UPDATE: As of 9/21/2022, Guidebox appears to no longer be in service, so we are leaving this article here as-is for historical reference.
This article will walk you through how to visualize data from the Guidebox Data API.
Data Visualization
Let’s start with visualizing the movies - you’ll first want to read all Netflix movies into a Pandas dataframe for analysis.
import pandas as pd
import numpy as np
movies_df = pd.read_csv('~/Desktop/all_netflix_movies.csv')
Now let’s see how the release year is distributed:
movies_df['results.release_year'] \
.value_counts() \
.sort_index(ascending=False) \
.plot(kind='bar', figsize=(20,5))
We can then visualize the distribution of release year:
It looks like most of the movies are relatively recent, which is nice. Let’s change this to a pie chart and focus primarily on the movies since 2005.
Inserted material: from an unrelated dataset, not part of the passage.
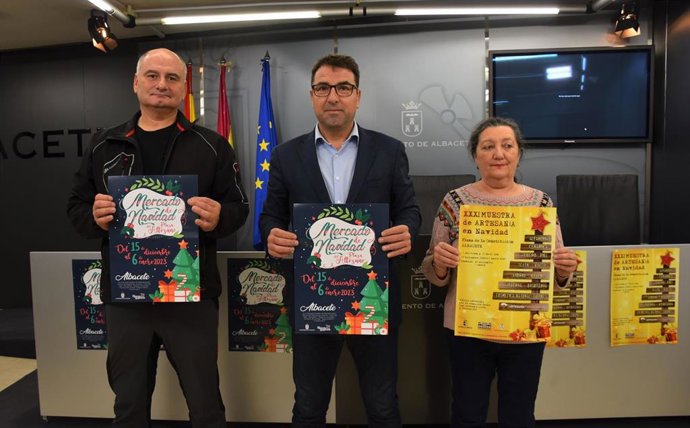 Presentación del mercado de Navidad de Albacete.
We’ll first want to declare a display_year
in the data frame where we want to display the year if the movie is from 2005 or more recent, or a generic pre_2005
category to group all the very old movies together in.
movies_df['display_year'] = np.where(
movies_df['results.release_year'] < 2005,
'pre_2005',
movies_df['results.release_year']
)
Now we have a reasonable amount of categories we can plot:
movies_df['display_year'] \
.value_counts() \
.sort_index(ascending=False) \
.plot(kind='pie', figsize=(5,5))
And the plot looks a little like this:
Now let’s repeat this process for Netflix shows!
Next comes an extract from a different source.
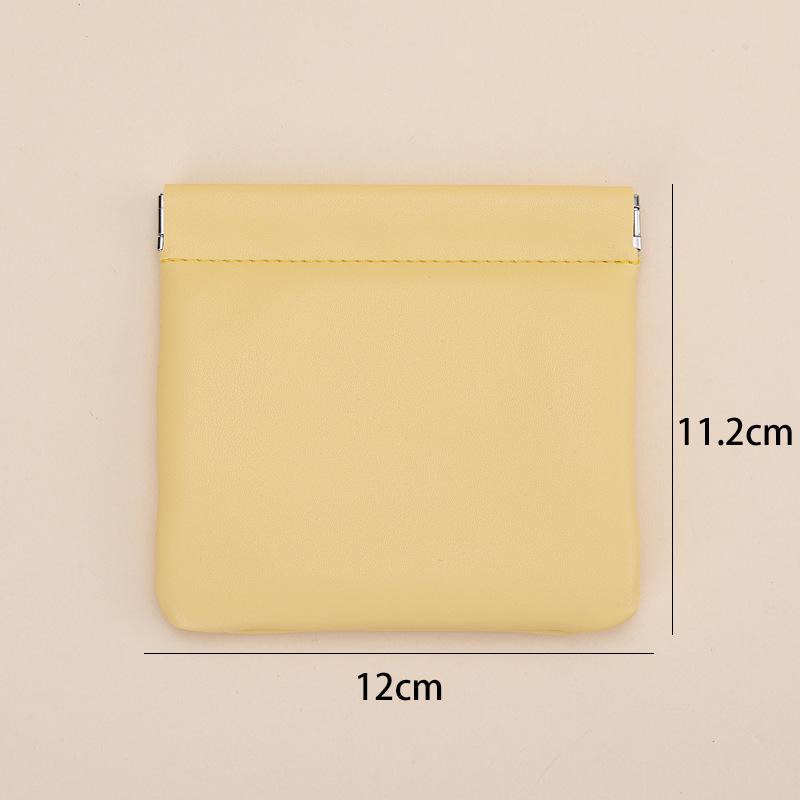 2025 Mini PU Leather Snap-Closure Coin Purse - Waterproof & Portable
shows_df = pd.read_csv('~/Desktop/all_netflix_shows.csv')
shows_df['release_datetime'] = pd.to_datetime(
shows_df['results.first_aired'],
errors='coerce',
)
shows_with_release_dates = shows_df.copy()[shows_df['release_datetime'].notnull()]
shows_with_release_dates['release_year'] = shows_with_release_dates['release_datetime'] \
.dt \
.year
This will result in a new dataframe with only the shows having a known release year. We can then plot them:
shows_with_release_dates['release_year'] \
.value_counts() \
.sort_index(ascending=False) \
.plot(kind='bar', figsize=(20,5))
The distribution looks similar to the movies:
And we can generate the pie chart as well:
shows_with_release_dates['display_year'] = np.where(
shows_with_release_dates['release_year'] < 2005,
'pre_2005',
shows_with_release_dates['release_year']
)
shows_with_release_dates['display_year'] \
.value_counts() \
.sort_index(ascending=False) \
.plot(kind='pie', figsize=(5,5))
Now let’s add some flare to our results. Let’s first combine the bar charts.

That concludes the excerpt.